∞ Vector Store Index¶
Documentation¶
- Class name:
LLMVectorStoreIndex
- Category:
SALT/Language Toolkit/Indexing
- Output node:
False
This node is designed to create and manage a vector store index for language models, facilitating efficient storage, retrieval, and manipulation of vectorized representations of text data. It abstracts the complexities involved in handling large-scale vector data, optimizing for performance and scalability.
Input types¶
Required¶
llm_model
- Specifies the language model to be used for generating vector representations. It is crucial for determining the embedding model that will vectorize the text data.
- Comfy dtype:
LLM_MODEL
- Python dtype:
dict
document
- The text document or a collection of documents to be indexed.

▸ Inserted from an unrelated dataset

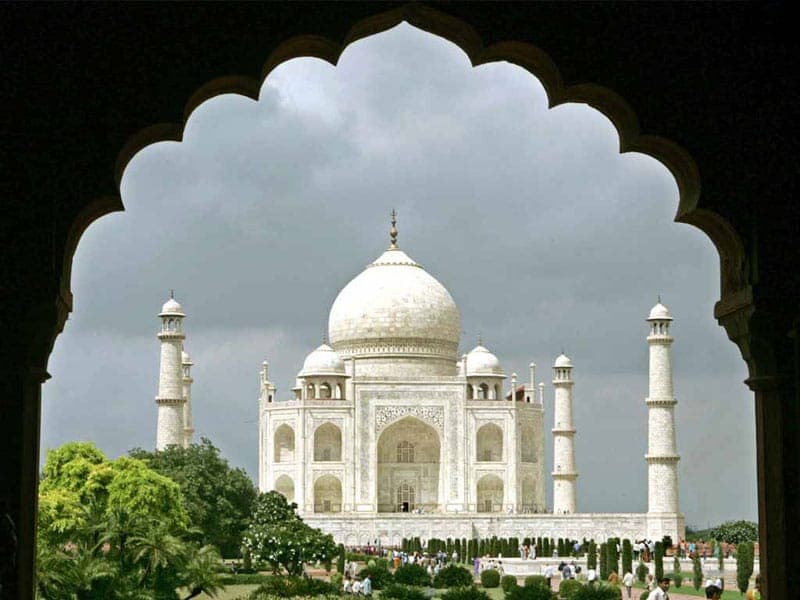 Taj Mahal & Mathura Tour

This input is essential for generating the vector representations that will be stored in the index.
- Comfy dtype:
DOCUMENT
- Python dtype:
str or list of str
Optional¶
optional_llm_context
- An optional context parameter that can be used to provide additional information or settings to the language model during the indexing process.
- Comfy dtype:
LLM_CONTEXT
- Python dtype:
dict
Output types¶
llm_index
- Comfy dtype:
LLM_INDEX
- The generated vector store index, which can be used for subsequent retrieval and manipulation of the vectorized text data.
- Python dtype:
VectorStoreIndex
- Comfy dtype:
Usage tips¶
- Infra type:
CPU
- Common nodes: unknown
Source code¶
class LLMVectorStoreIndex:
@classmethod
def INPUT_TYPES(cls):
return {
"required": {
"llm_model": ("LLM_MODEL",),
"document": ("DOCUMENT",),
},
"optional": {
"optional_llm_context": ("LLM_CONTEXT",),
},
}
RETURN_TYPES = ("LLM_INDEX",)
RETURN_NAMES = ("llm_index",)
FUNCTION = "index"
CATEGORY = f"{MENU_NAME}/{SUB_MENU_NAME}/Indexing"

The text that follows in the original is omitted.